Julio Daniel Chaparro
La irreverencia es parte de los recuerdos que tienen amigos y familiares de Julio Daniel Chaparro, poeta y periodista asesinado, junto con el fotógrafo Jorge Torres, el 24 de abril de 1991 en Segovia (Antioquia). Su mamá cuenta que cuando tenía tres años, en 1965, cuestionaba que los niños no pudieran participar en las conversaciones de los adultos. Cuando su abuelo le dijo que el burro joven inclina sus orejas ante el burro viejo, él le respondió: “¿Por qué, si yo tengo la boca es para hablar? ¿Por qué? Dígame, abuelito”.

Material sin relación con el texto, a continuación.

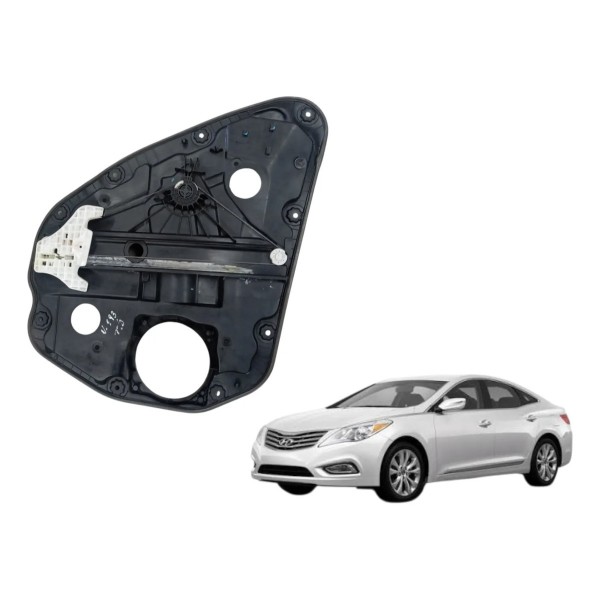 Maquima Vidro Traseira Direita Hyundai Azera 3.0 2011 2012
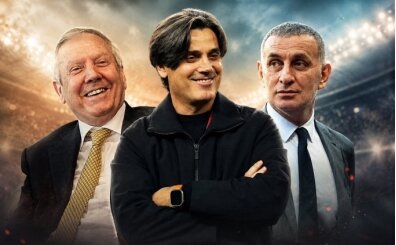 Aziz Y�ld�r�m'a Vincenzo Montella �nerisi!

Hijo mayor de Héctor Julio Chaparo y María Inés Hurtado, él, periodista y ella, docente, Julio Daniel siempre fue un niño inquieto. “Él era muy ágil y sabía liderar. Era un líder”, recuerda su madre. Ella nunca ha sido una mujer de callar. En sus primeros años peleaba con su papá porque no les hallaba sentido a las intestinas luchas partidistas entre conservadores y liberales. Más tarde enarboló la bandera de la cédula femenina en tiempos en que sólo los hombres podían ser ciudadanos. Luego de tener a Julio, doña María Inés no ocultaba sus simpatías por el Partido Comunista.

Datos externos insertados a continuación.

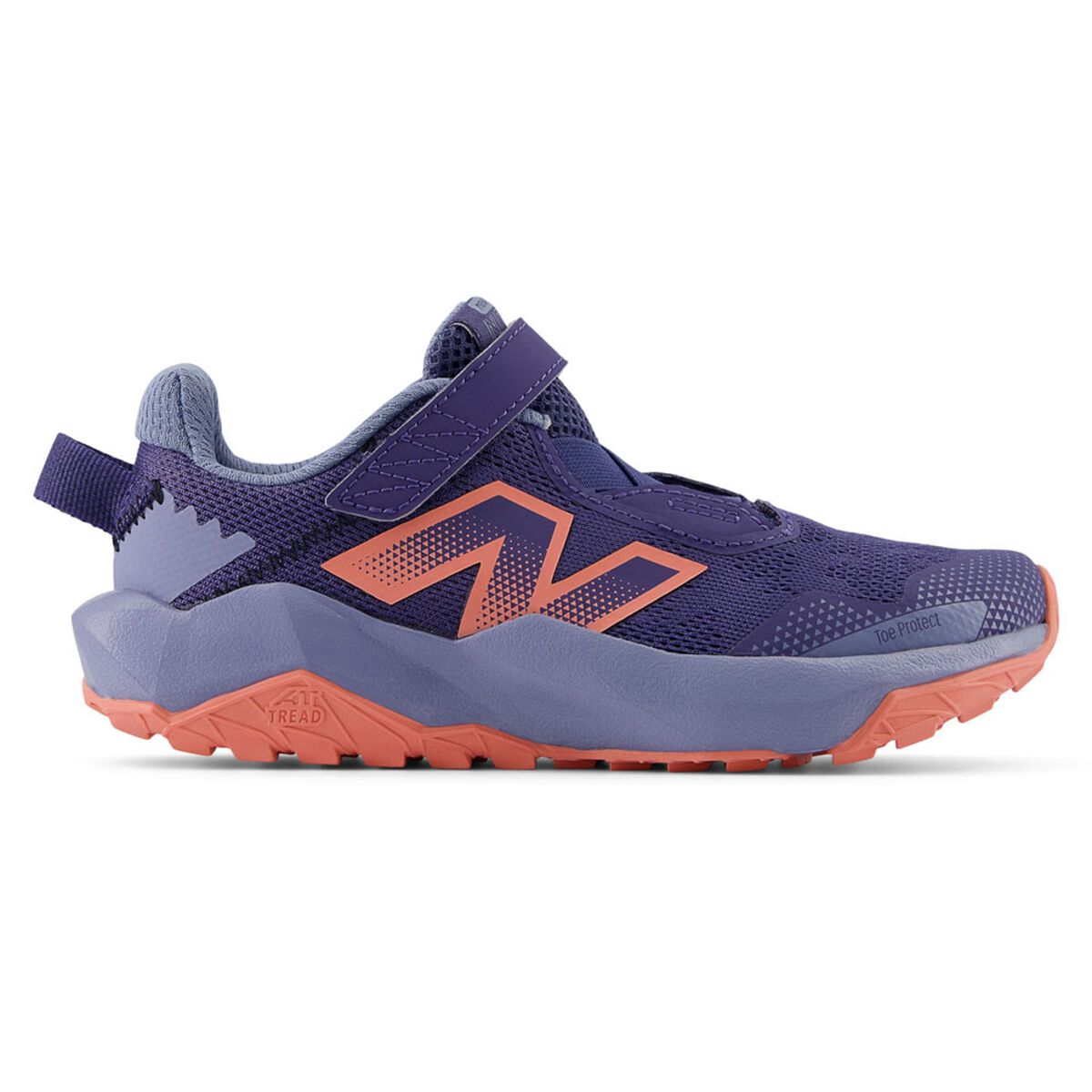 New Balance Nitrel V6 PS Kids Trail Running Shoes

Héctor Julio Chaparro ocasionalmente viajaba a Cuba. En el barrio El Caney de Villavicencio era conocido por traer reliquias salseras de la isla caribeña. De vez en cuando se reunían los vecinos a escuchar las nuevas adquisiciones de un género que por esos años ebullía. En 1978, su padre hizo un viaje a Cuba; en esa ocasión descubrió la música de Silvio Rodríguez, Pablo Milanés y la nueva trova cubana. En el equipaje de vuelta reposaban discos de esa música icónica entre la izquierda latinoamericana. La revolución llegó a los oídos del adolescente Julio Daniel.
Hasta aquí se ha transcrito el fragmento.